Motoko Furuhashi

Residence Necklace

Materials:  Steel, road segment

Dimensions: 20 x 3 x 2 inches

My current work highlights the stress between the geometry of manmade objects and damages created through urban decay. Each obstruction is an unwelcome presence that is disruptive to the ecology of an artificial environment. In challenging the perfectionist ideals that urban environment represent; my use of site-specific art as a medium expands the conceptual meaning and purpose of the object, giving me the freedom to play with the audience’s view of time and location. This operates on the premise that objects do not exist without perception. Leaving the viewer subjected to my use of the site as a narrative for authenticity and significance.
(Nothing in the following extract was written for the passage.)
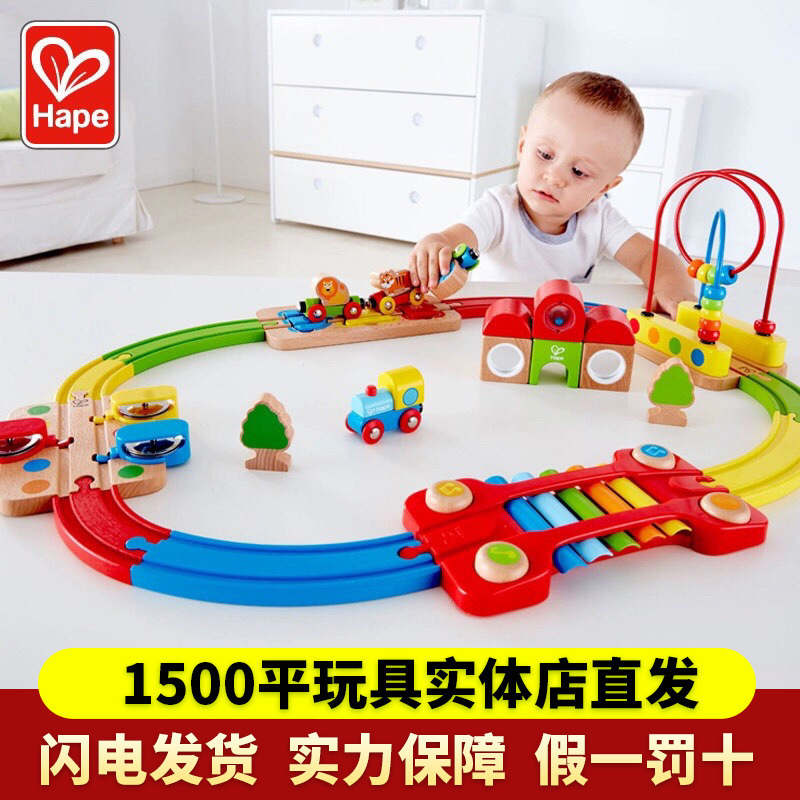 Hape火车轨道丛林音乐套益智拼装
Furthermore, the use of site relevant objects outside of their initial placement leaves room for interpretation allowing the viewer draw conclusions as to the objects worth. This is characterized by my selection of “insignificant” objects as the focal point. Relevant to the site from which it has been excavated, each found object is a unique representation of the interrelationships between time, location, perception, and importance.

About the Artist:

Motoko Furuhashi was born in 1982 in Tokyo, Japan and moved to the US to pursue a career as an artist and educator. While growing up in Tokyo, she received her introduction to art from her grandfather. Her recent works has been inspired by her experiences traveling around the world with her family. She received her Masters of Fine Art degree from the University of Illinois at Urbana-Champaign. Currently, she is appointed as an Assistant Professor at New Mexico State University. Her work has been exhibited nationally and internationally including at the Museum of Contemporary Art Chicago, the Houston Center for Contemporary Craft, and the Oakland Museum of California, Nobana Art Works in Ginza in Japan, and Alliages in France.